Introduction#
In general we assume we have a dataset \(X\) which consists of \(n\) observations in \(\mathbb{R}^d\). The dimensionality of the dataset is \(d\).
Dimensionality reduction is often used as pre-processing step for subsequent analyses, including clustering, supervised learning, or visualization. Common techniques for dimensionality reduction include:
- Principal Component Analysis (PCA)
- Random Projections
- t-distributed Stochastic Neighbor Embeding (t-SNE)
- Uniform Manifold Approximation and Projection (UMAP)

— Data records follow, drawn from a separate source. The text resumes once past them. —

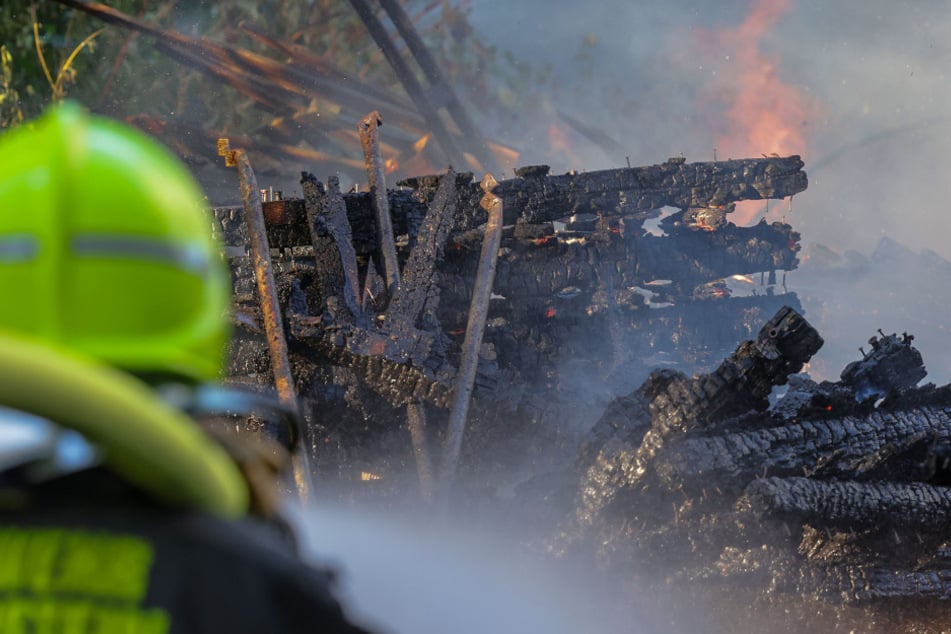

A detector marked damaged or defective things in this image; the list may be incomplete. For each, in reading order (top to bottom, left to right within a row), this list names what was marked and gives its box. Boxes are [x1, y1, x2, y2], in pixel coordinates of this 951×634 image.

rusty metal bar [350, 0, 468, 168]
rusty metal bar [358, 111, 400, 298]
rusty metal bar [222, 141, 312, 502]
rusty metal bar [438, 172, 506, 498]
rusty metal bar [410, 400, 438, 498]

- Locally Linear Embeddings (LLE)
- Laplacian Eigenmaps
Dimensionality reduction is needed due to a phenomenon known as the curse of dimensionality, which states that there is a pessimism-inducing relationship between the dimension of your data. Most dimensionality reduction techniques are based on something called the manifold hypothesis, which assumes that the data, while living in some high dimensional space, are actually on some much lower dimensional surface.

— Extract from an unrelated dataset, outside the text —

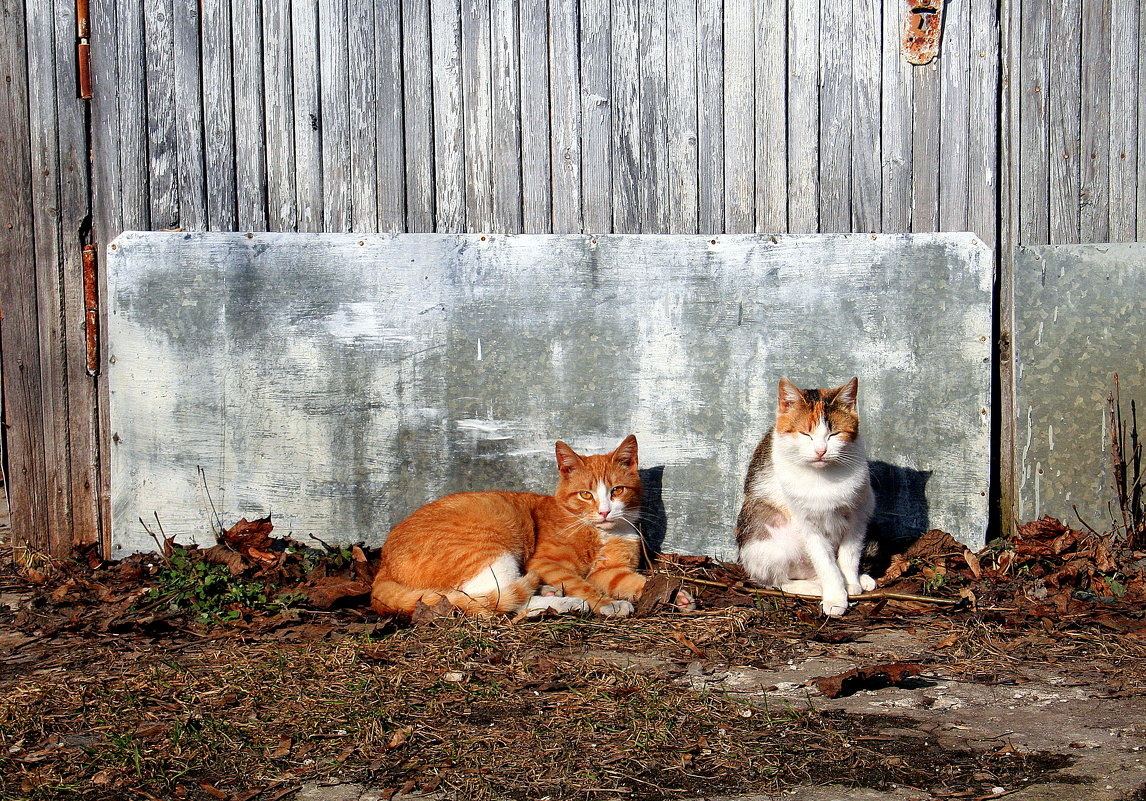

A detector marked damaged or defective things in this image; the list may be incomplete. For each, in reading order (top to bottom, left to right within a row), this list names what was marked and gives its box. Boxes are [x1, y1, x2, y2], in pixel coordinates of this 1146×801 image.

The Curse of Dimensionality#
The curse of dimensionality (CoD), roughly speaking, states that as \(d\) grows, the number of samples \(n\) needed to be able to develop a good statical model increases exponentially on the order of \(2^d\). For context, \(2^265\) is roughly the number of atoms in the universe and, by modern standards, 265 is relatively small dimension. In pharmacogenomics we often work with datasets where \(d\approx 1000\) after dimensionality reduction!
It might be helpful to understand a bit of the why behind the CoD. Suppose we start with \(d=1\) and have data that consists of \(\{-1,+1\}\) chosen uniformly at random (probability of \(\frac{1}{2}\)). How many samples would we need to draw in order to get a representative data set? On average, we'd expect the answer to be 2.
Suppose we now set \(d=2\) and consider a similar set up where the data is sampled uniformly at random from the four corners of the square \(\{(+1,+1), (+1,-1), (-1,-1),(-1,+1)\}\). Similar reasoning suggests that we need 4 samples, average, to get a data set that overs the sampling domain (i.e. each point is represented at least once).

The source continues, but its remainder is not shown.